Overacting is not the only problem in “Ayza Atgawez.” The story is another problem.
In 2008, “Ayza Atgawez” started out as a humorous blog whose main topic was the writer’s endless quest to find a suitable husband. It soon became a best-selling novel, now in its seventh edition.
Because it touched upon a sensitive and highly debatable topic in Egyptian society, the book became rather popular among the young generation. But the sarcastic tone fails to hide the desperation to find a husband, which to some female readers was quite offensive. Narrowing down one’s utmost dreams to a white dress and a wedding band raises all sort of questions about women’s rights and how most of us perceive ourselves.
As an admirer of Sabri and director Rami Emam’s work, I thought they would do more with the story they were given. The book is a collection of small scenes that first appeared on a blog. There is no depth, no coherence, and no substance, and the TV version is not any better.
The story needed more work from the writer and the director. Right now it is simply a mere duplication of a majorly overrated book. “I found the book extremely tacky and desperate but the sitcom is a little better, the best of the worst this year,” says Danny, a Ramadan-TV devotee.

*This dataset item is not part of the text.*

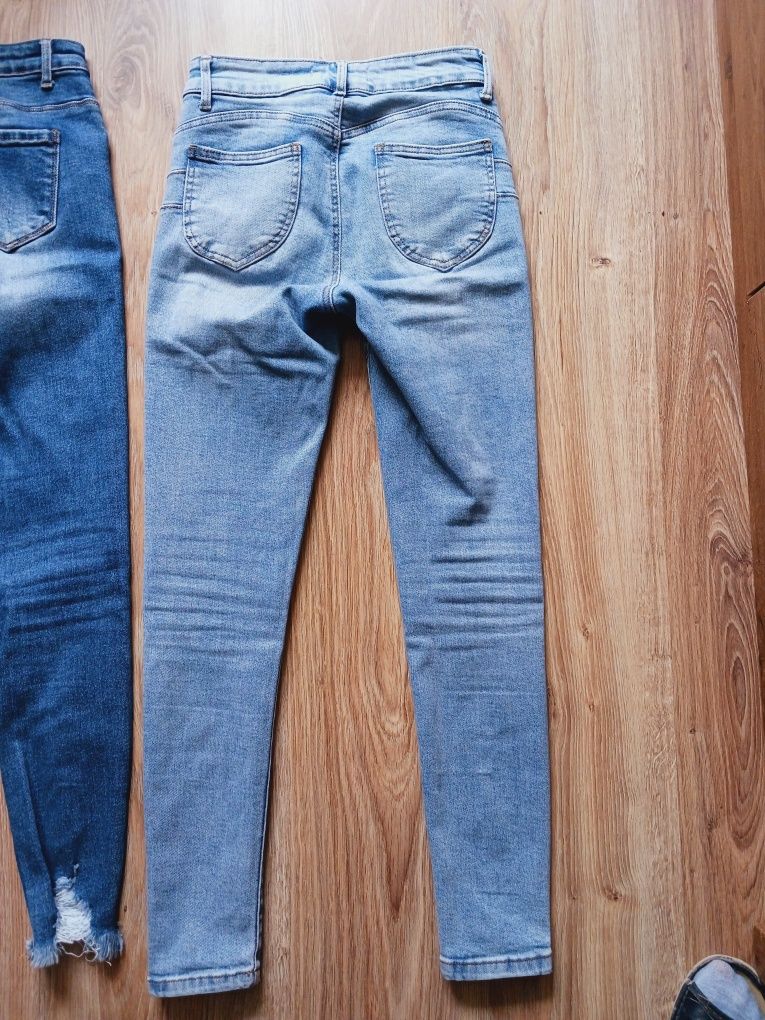 Dwie pary jeansów rozm. S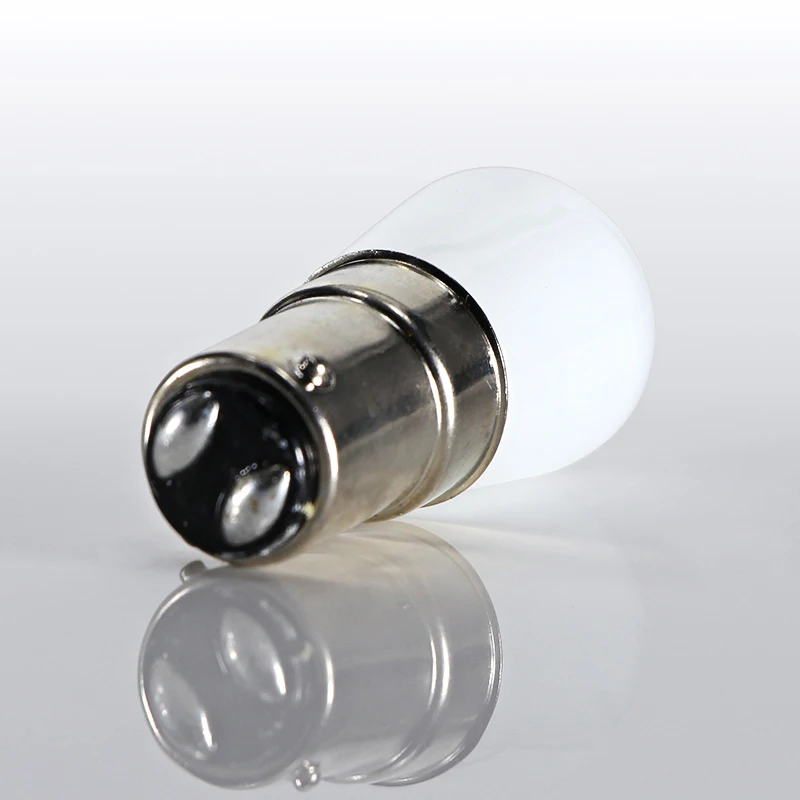 1X بومبيلا Led ضوء الثلاجة 2 واط B15 B15D T22 12 فولت 220 فولت زجاج حليبي لآلات الخياطة الثلاجة استبدال مصباح هالوجين 12 فولت #5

“I hated the book from the first few pages but I decided to finish it nonetheless to see what she has to say, and it was nothing,” says Amina, a journalist. She also added that she, as a woman, found the book very degrading and understood nothing of the humor planted within, if there is any.

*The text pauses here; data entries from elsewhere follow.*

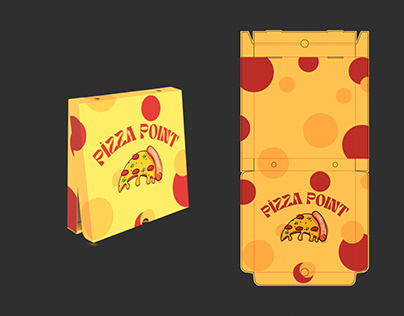 diecut pizza box + label design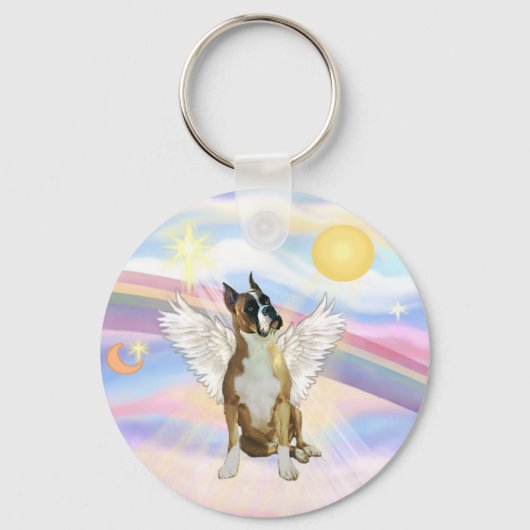 Wolken - Boxer ANgel (Ackerohren #1) Schlüsselanhänger (Vorderseite)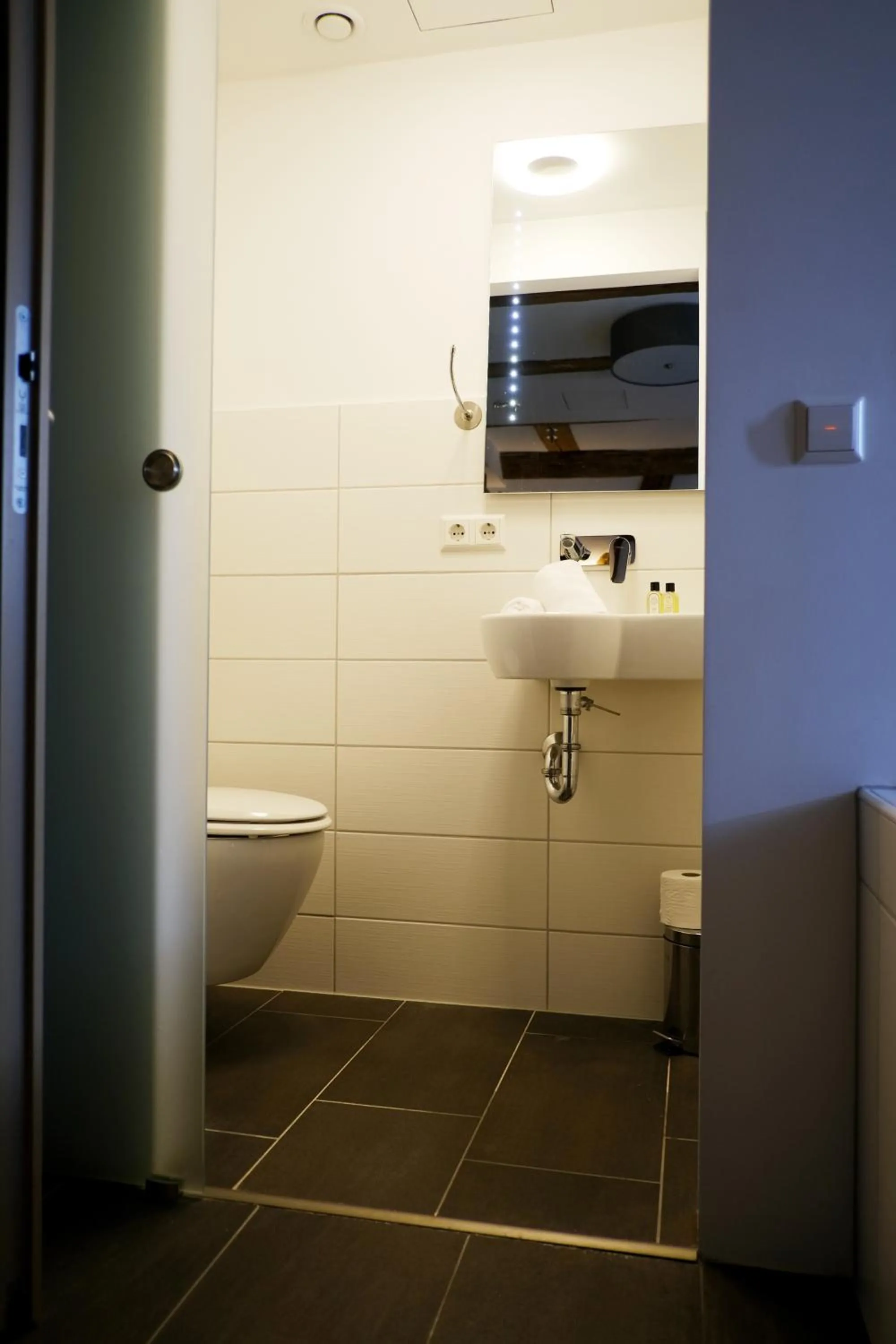 Bathroom in Hotel & Restaurant Adler Ittendorf - 24h Self-CheckIn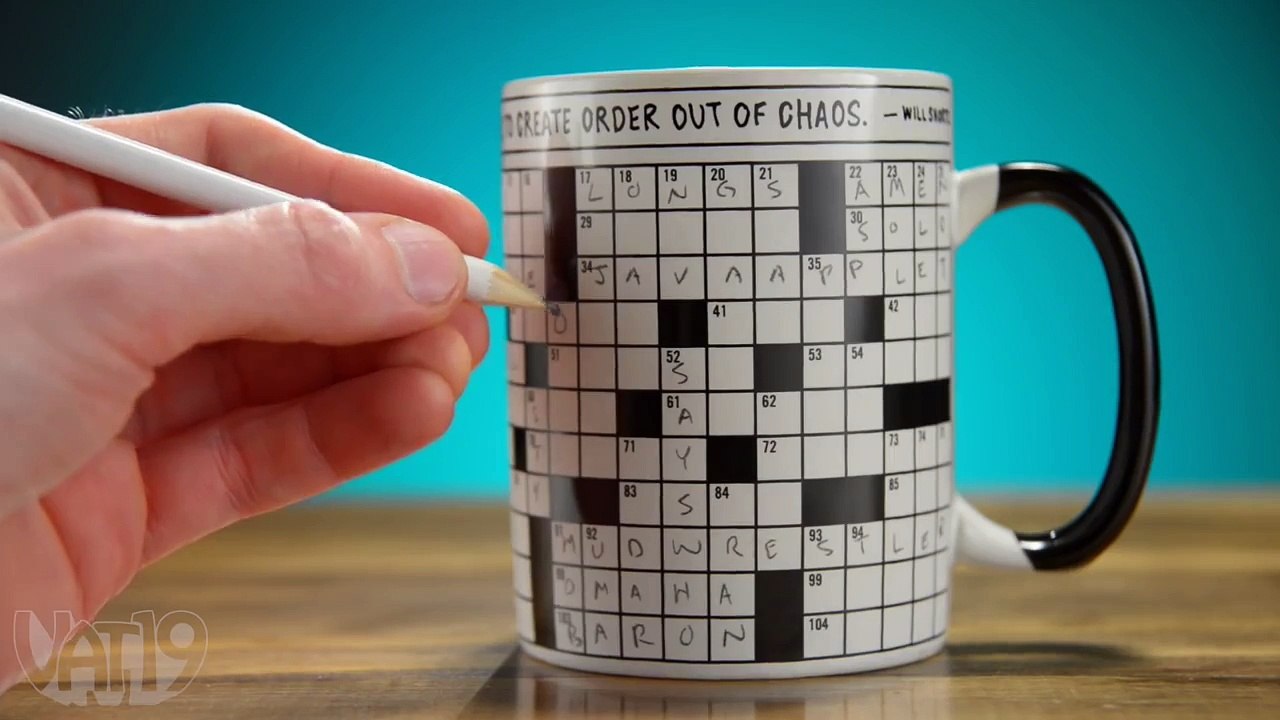 Crossword Puzzle Coffee Mug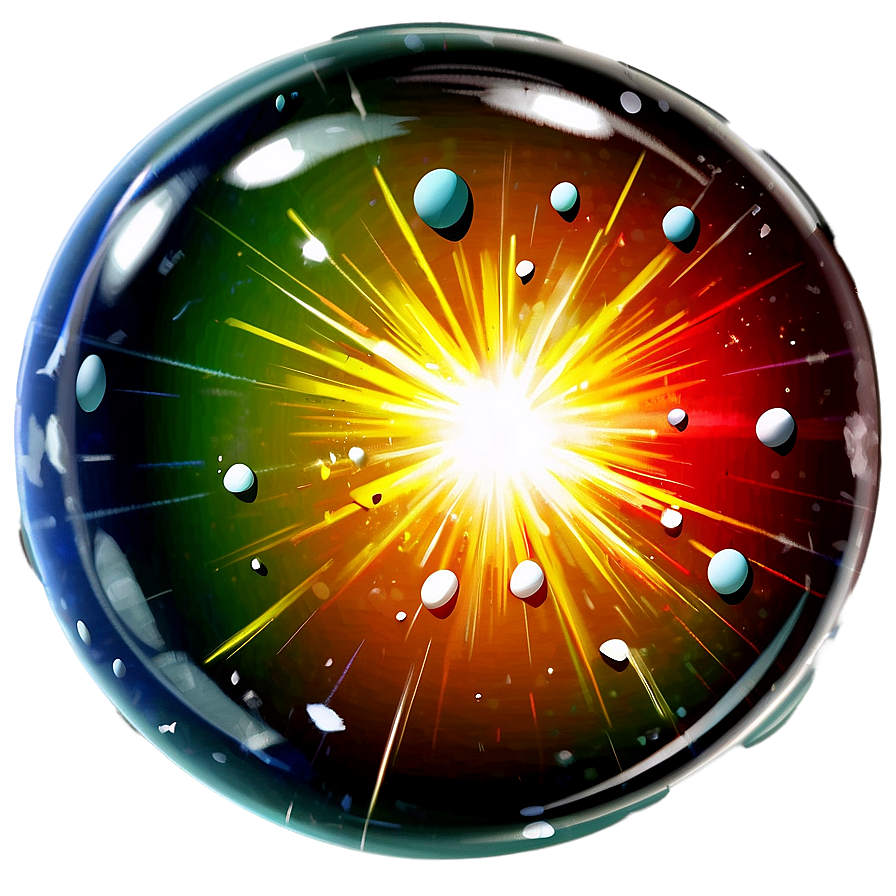 Cartoon Explosion Bubble Png Ruw PNG Image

What makes it even worse is actress Sawsan Badr’s support of Hend Sabri in her overacting. The two compose a perfectly fake duet of exaggeration. “The sitcom is supposedly funny, but at times I find it extremely depressing,” says Sara, another formerly hopeful viewer. “It makes my stomach turn that there are still women like that,” she adds.
“The only thing I like about this sitcom is the photography, which seems like a general trait this Ramadan, as most series now are shot in a cinematic way,” says Amira, speaking of the popular technique of using one camera and special lighting. She adds that guest actors sometimes make it a bit more interesting and that she is looking forward to Ahmed al-Sakka’s episode.
Up to now “Ayza Atgawez” is a disappointment for fans of Hend Sabri. But her overacting matches the original book, which was just as overrated.